(Stored records)
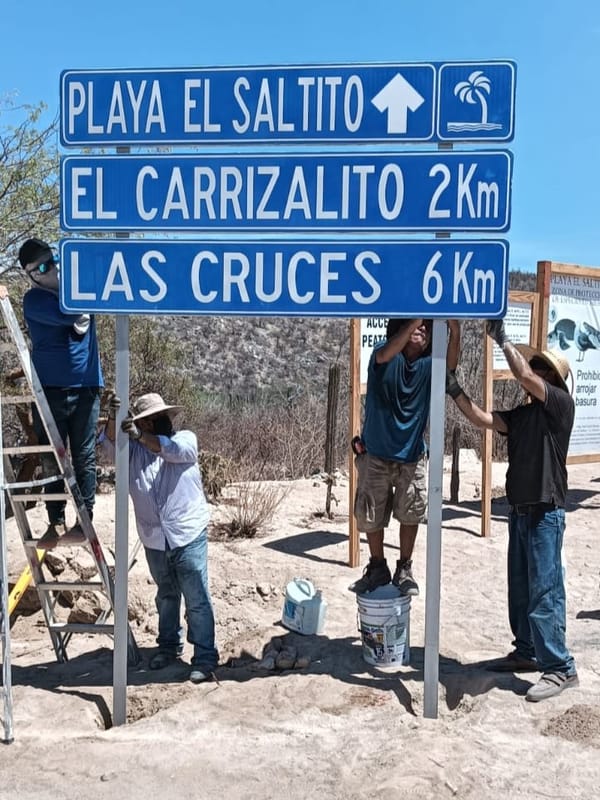 Inicia colocación de señalética en el camino hacia playas El Saltito y El Carrizalito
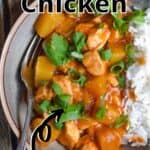 Instant Pot Pineapple Chicken Pinterest Image top outlined title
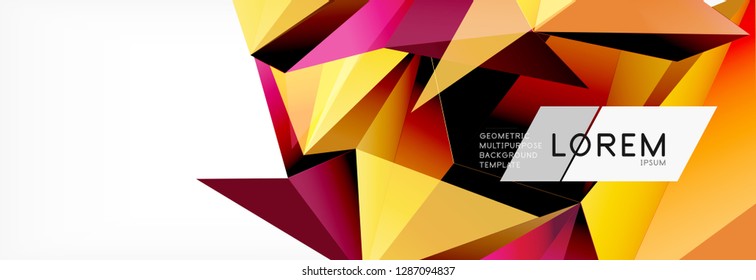 Tarjeta 3d sobre fondo de luz. Patrón triangular abstracto. Fondo geométrico vectorial futurista.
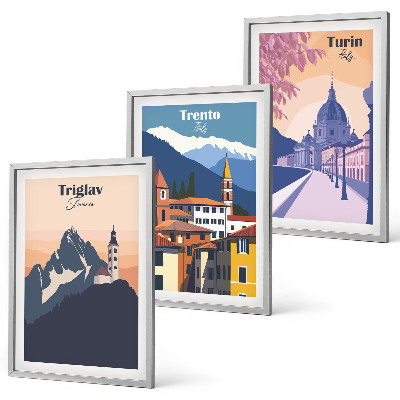 Wall art set Mountains architecture retro illustrations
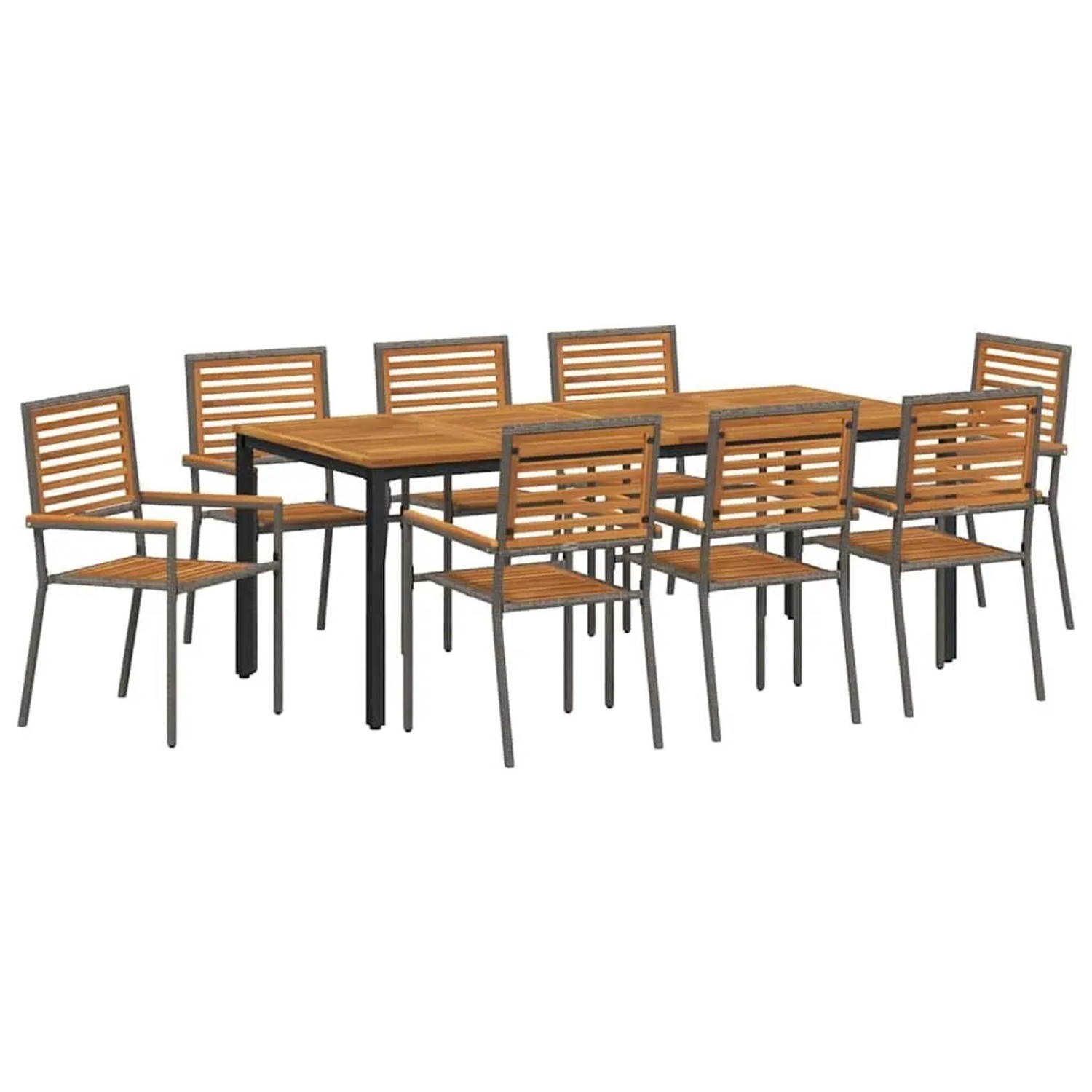 vidaXL Garten Essgruppe 9-Tlg Grau und Natur Teak Poly-Rattan 3365509 günstig online kaufen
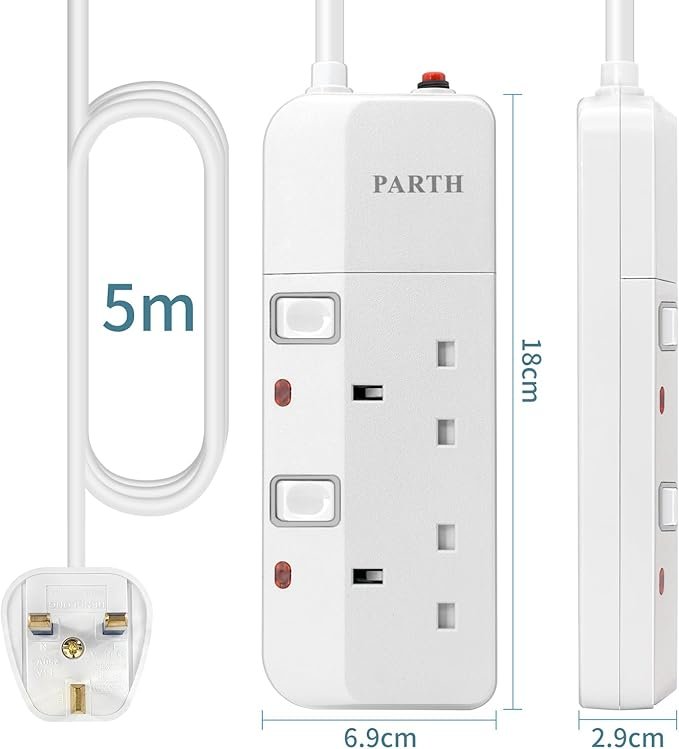 PARTH 3022 5M 2 Socket White Extension Lead image 6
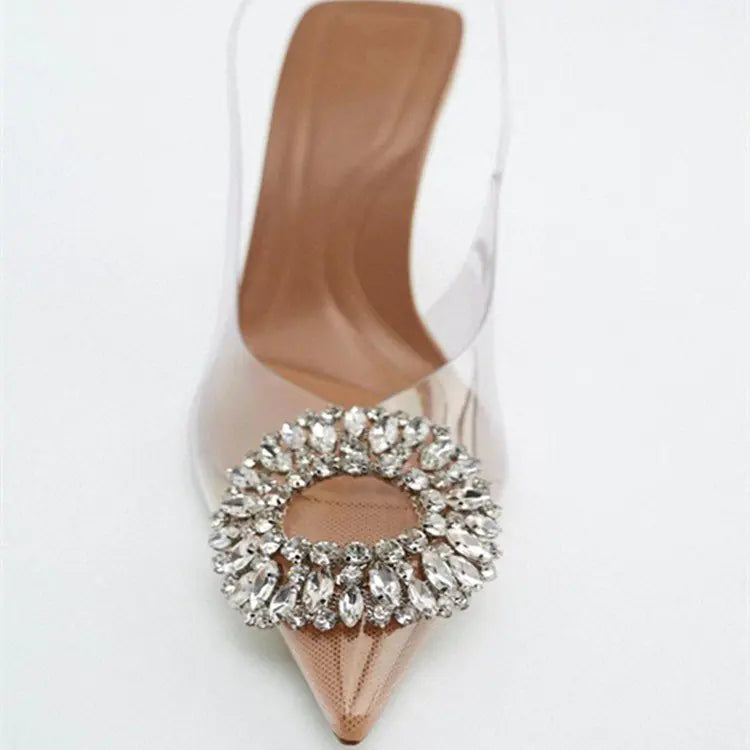 Transparent Rhinestone Pointed-Toe Mule Heels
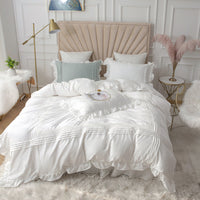 HKM-667475 Korean Princess Style Lace Bed Skirt Four-Piece Quilt Cover Set in Pure Cotton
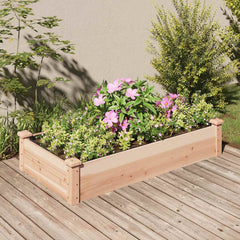 vidaXL Garden Raised Bed with Liner 120x60x25 cm Solid Wood Fir 1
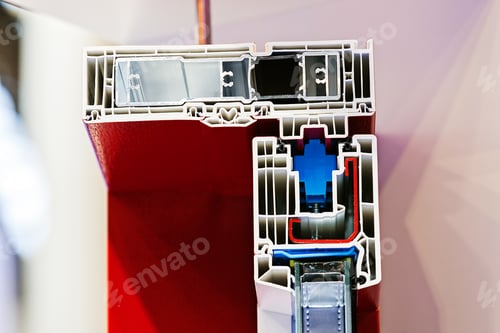 Preview: Window Profile Cut Of With Metal, Glass And Insulation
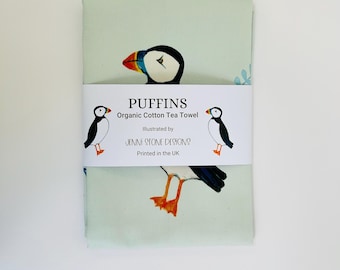 Puffin Tea Towel - Organic Cotton - Made in the UK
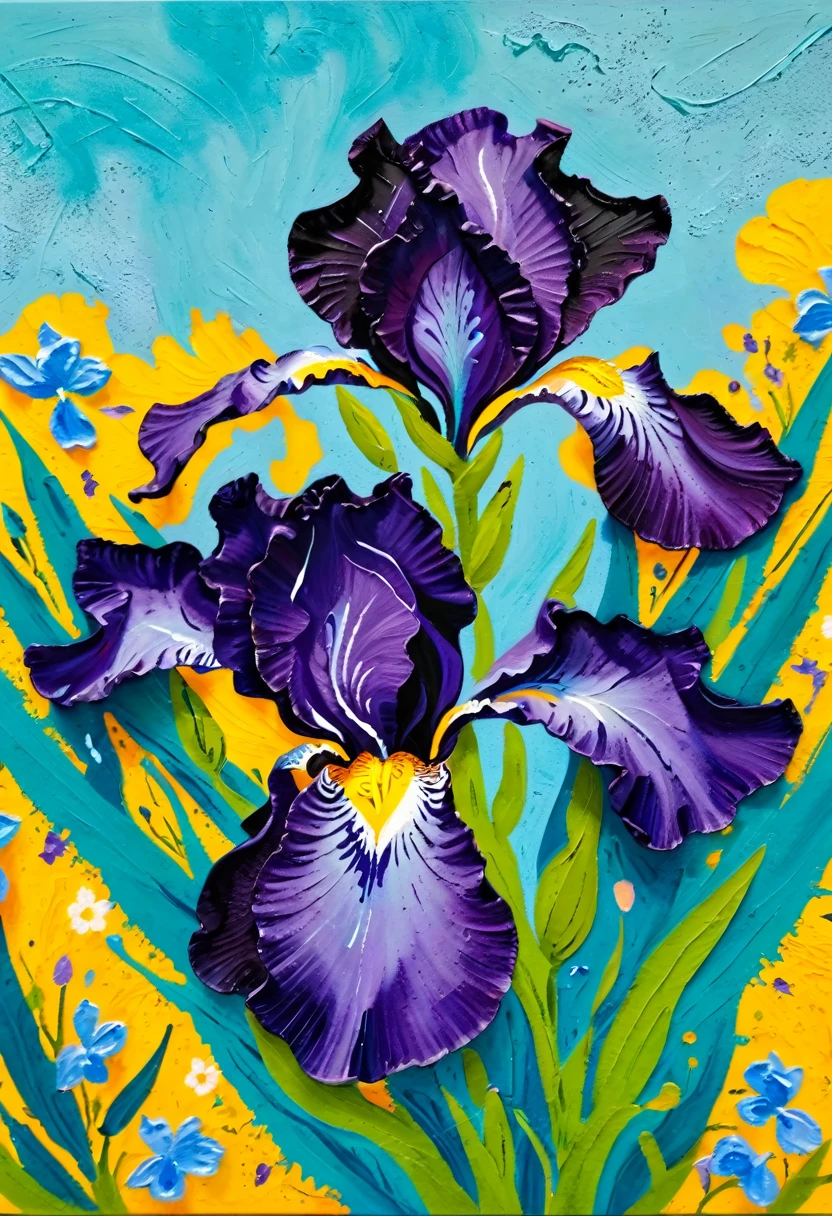 A painting：(((Colorful black，Chalk painting，Oil stick painting，flight，Thick coating，Uneven texture，Plaster texture，Graffiti)))。iris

> TASK TO COMPLETE:
Pictures must be left out of the answer, which should be exactly the lines from the one holding "vidaXL Garten Essgruppe" through the last line of the entries above, both included; please add nothing.

> OUTPUT OF THE EXERCISE:
 vidaXL Garten Essgruppe 9-Tlg Grau und Natur Teak Poly-Rattan 3365509 günstig online kaufen
 PARTH 3022 5M 2 Socket White Extension Lead image 6
 Transparent Rhinestone Pointed-Toe Mule Heels
 HKM-667475 Korean Princess Style Lace Bed Skirt Four-Piece Quilt Cover Set in Pure Cotton
 vidaXL Garden Raised Bed with Liner 120x60x25 cm Solid Wood Fir 1
 Preview: Window Profile Cut Of With Metal, Glass And Insulation
 Puffin Tea Towel - Organic Cotton - Made in the UK
 A painting：(((Colorful black，Chalk painting，Oil stick painting，flight，Thick coating，Uneven texture，Plaster texture，Graffiti)))。iris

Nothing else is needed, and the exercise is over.